Task prompt.
With the pictures removed, the data below must be transcribed in full and exactly.

Supplied data.
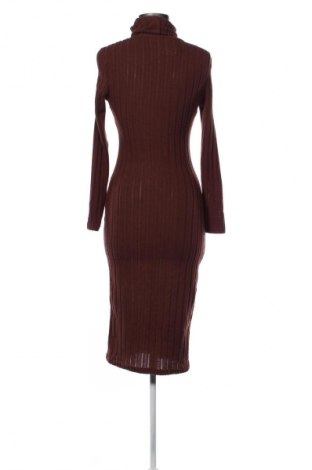 Рокля Unbranded, Размер M, Цвят Кафяв, Цена 28,99 лв.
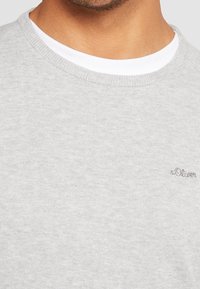 s.Oliver Strickpullover - light grey
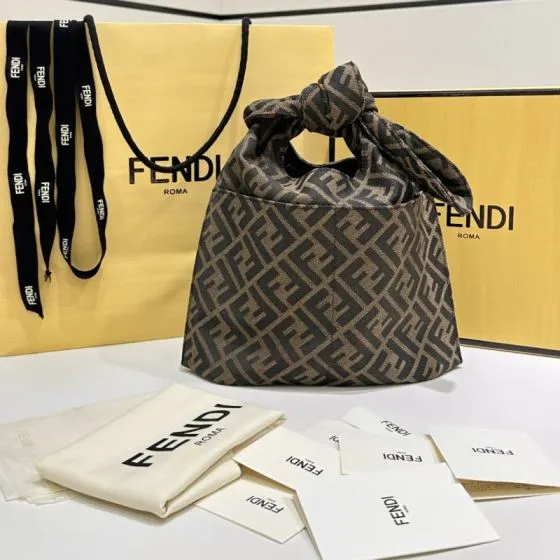 Fendi 40x30x16cm shoulder bag — 1:1 Replica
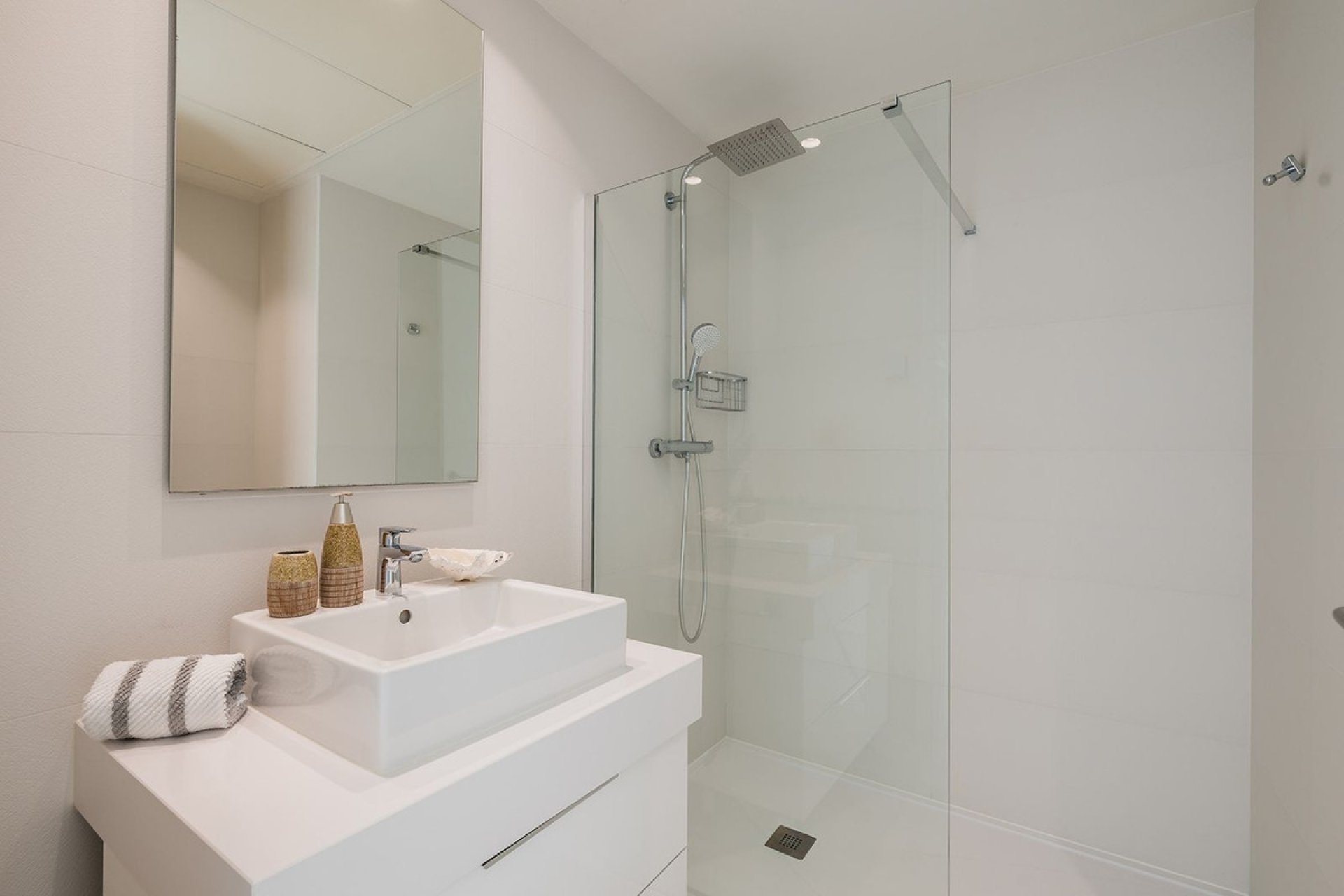 Resale - Apartment - Middle Floor Apartment - Marbella - Santa Clara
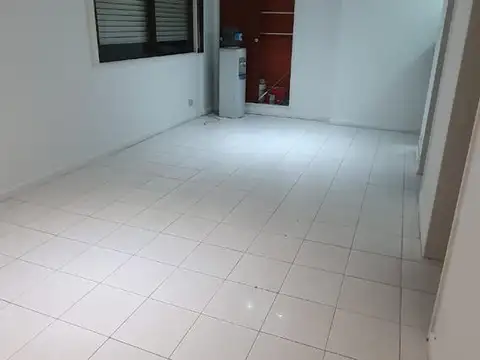 Departamento en Alquiler con 1 cochera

The completed task.
 Рокля Unbranded, Размер M, Цвят Кафяв, Цена 28,99 лв.
 s.Oliver Strickpullover - light grey
 Fendi 40x30x16cm shoulder bag — 1:1 Replica
 Resale - Apartment - Middle Floor Apartment - Marbella - Santa Clara
 Departamento en Alquiler con 1 cochera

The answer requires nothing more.